Diodoro puede valer como testimonio de que la doctrina del meigma elemental es
una racionalización de la representación mítica de una indiferenciación
andrógina.
Muy cercano a
Ovidio está también Anaxágoras (500/486 A.C.), quien designa el ápeiron como el
ser junto, indiferenciado y uniforme de todo lo posible, el ser que contiene la
spérmata pánton khrematon
(semilla de todas las cosas). Los elementos y las cosas surgen por segregación
y separación. Pero el Caos de Ovidio se asemeja también al tohubohu (en hebreo, desierto y
vacío), nombre con el que el Antiguo Testamento designa ese estado
pre-estructural del cosmos.
Una creatio ex nihilo no la conoce la
tradición antigua, ni tampoco la bíblica. Al principio no era la nada, sino –y
no únicamente en Ovidio- el desorden. Este, no la nada, es el antagonista del
cosmos (que por ello es systema,
o bien syntaxis). Y eso
fue, justamente, lo que se convirtió en otra cosa, en la línea de la teología
austianiana de la creación y, más tarde, de la tomista: el Dios cristiano no
ordena el embrollo de materia preexistente, sino que crea, semel et simul, de la nada. Ya
Lactancio polemizaba apasionadamente contra la concepción, compartida tanto por
los estoicos como los epicúreos, de la no-creación de la materia y los
elementos; Deus omnia fecit ex
nihilo.
En la
descripción del Caos Ovidio sigue los modos de hablar de la antigua mitología
cosmogónica. Palmaria es la referencia a Hesíodo, en el que –como en el caso de
los presocráticos- se han de presuponer una serie de mitos de Asia Menor. Mas
Hesíodo no utiliza las cadenas de negación retórica como fórmulas de la
anticipación absoluta, ni concibe tampoco el Caos como prima materia, sino como una
espacialidad pre-estructural. Al Caos de Ovidio se le acerca más un Caos amorfo
y un espacio primigenio lleno de fuerzas mágicas. Impresionante es su paralelo
retórico en el Rig Veda
(Rig Veda, Sección X, canción 129).
En las fronteras
del mundo, estas fórmulas primigenias están también en la frontera del
lenguaje. La exclusión de los dos lados de un antagonismo, la pregunta que se
niega a sí misma, la negación y lo iterativo crean partiendo de una concreción
natural, próxima a la vida, la visión de algo absolutamente abstracto, que, con
todo, tiene una potencia concreta. También esto es, como en Ovidio, una imagen
de lo sin imagen, del caos, y del UNO que alienta, del Dios (aún) sin nombre,
que, a partir de la tiniebla oculta tras tiniebla, hará surgir al mundo,
separado en ser y no-ser, día y noche, vida y muerte, orden de los elementos o
de los seres vivos: lo creado, enquistado ya en todo un cuerpo de negaciones.
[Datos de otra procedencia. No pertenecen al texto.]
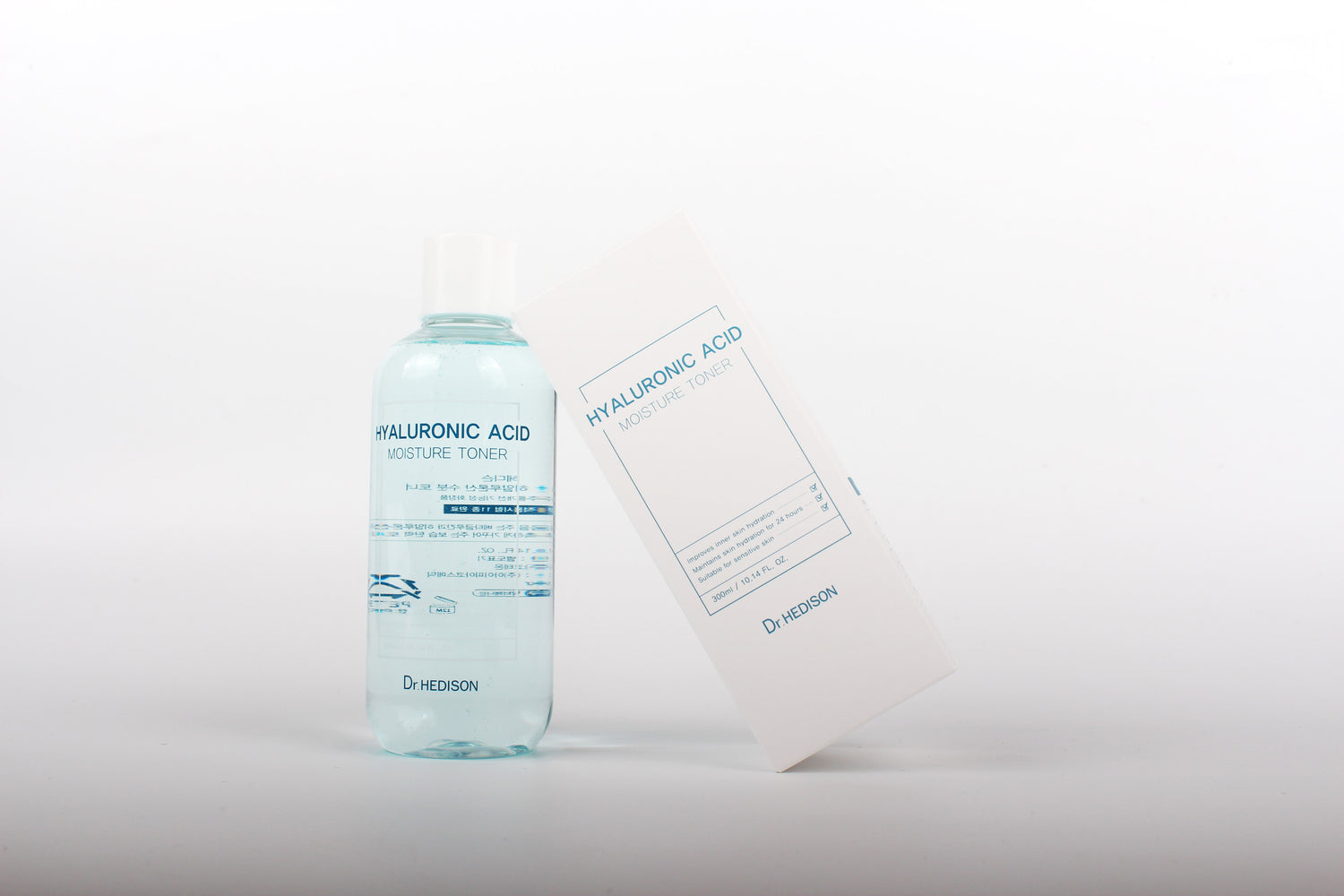 Dr. Hedison Beta-Glucan Hyaluronic Acid Moisture Toner - Korelume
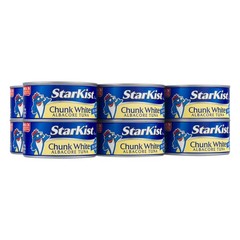 StarKist Chunk White Albacore Tuna in Water, 12 Oz, 12 Ounce (Pack of 12)
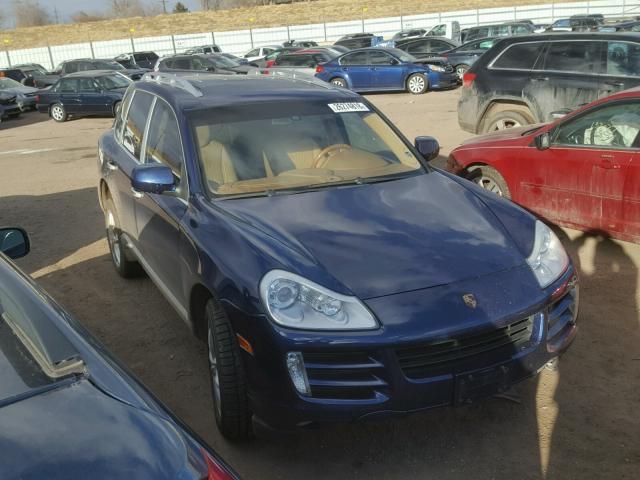 WP1AA29P19LA05943 - 2009 PORSCHE CAYENNE BLUE photo 1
Una estructura muy similar presenta también el Enuma Elish (2000-600 A.C.), poema babilónico de la creación
del mundo:
Cuando allá arriba el cielo no era nombrado,
y abajo lo sólido no tenía un nombre,
Apsu, el sin comienzo, el engendrador,
Y Mummu y Tiamat, la madre de todos ellos,
Mezclaron al unísono sus aguas,
Aún no se entretegía el matorral, ni había aún cañaveral,
Cuando ni los dioses existían,
Ni tenían nombre, ni se habían fijado sus talentos;
Y luego, en medio de ellos (de los océanos), los dioses
fueron hechos..
Aquí nos
encontramos con el ejemplo más antiguo de una concatenación de negaciones. Lo
increado es identificado ya con lo sin nombre. El estado primigenio, aún sin
mundo, es lo inefable y mudo. Por eso se explica la extraordinaria importancia
que en la tradición bíblica de la creación se confiere al lenguaje. Hablar es
crear. El mundo tiene forma de palabra. Y así el mundo es en tanto en cuanto sea captado
en el lenguaje.
Esto vale
también, análogamente, para la imago
mundi: el caos es un mundo sin imagen, no representable. El intento
de traducir en imagen la prima
materia o el caos se realiza bordeando la disolución que amenaza a
lo que constituye una imagen –se representa al caos como una superficie negra o
blanca, o un informe entrecruzado de líneas-. En él queda desmentido
precisamente aquello que constituye una imagen, o sea, la distinción de forma y
color. La prima materia
es tan irrepresentable como el Dios de la tradición bíblica. El bíblico tohubohu está, como el mismo Dios,
más allá de toda fisonomía. Ambos son, simplemente, lo otro; ambos desencadenan
el terror de los Sublime, que hace presa de uno no sólo ante Jano, sino que es también ampliamente
descrito en las epifanías griegas y bíblicas de Dios. Lo indecible y lo
irrepresentable son el núcleo de toda experiencia religiosa, como la primera
forma histórica de lo Sublime.
Esto es válido
tanto para la tradición bíblica como para la griega y hay que presuponer aún en
el caso de las formulaciones ovidianas, que hacen aparecer al caos, desde la
frontera última del lenguaje, como una cosa apenas ya si interpretable. Aquí,
en el Enuma Elish, se
inaugura, de una forma todavía más arcaica, la creación y la forma jurídica del
mundo: Marduk es aquel dios que,
en dramática lucha con la madre de las profanidades –Tiamat, e flujo
primigenio-, la da muerte y crea, a partir de su cuerpo descuartizado, el orden
del mundo (esta configuración sirve también de base a las narraciones bíblicas
de la creación, como se ve, por ej., en Job,
7,12 o 9,13; Isaías, 51,10).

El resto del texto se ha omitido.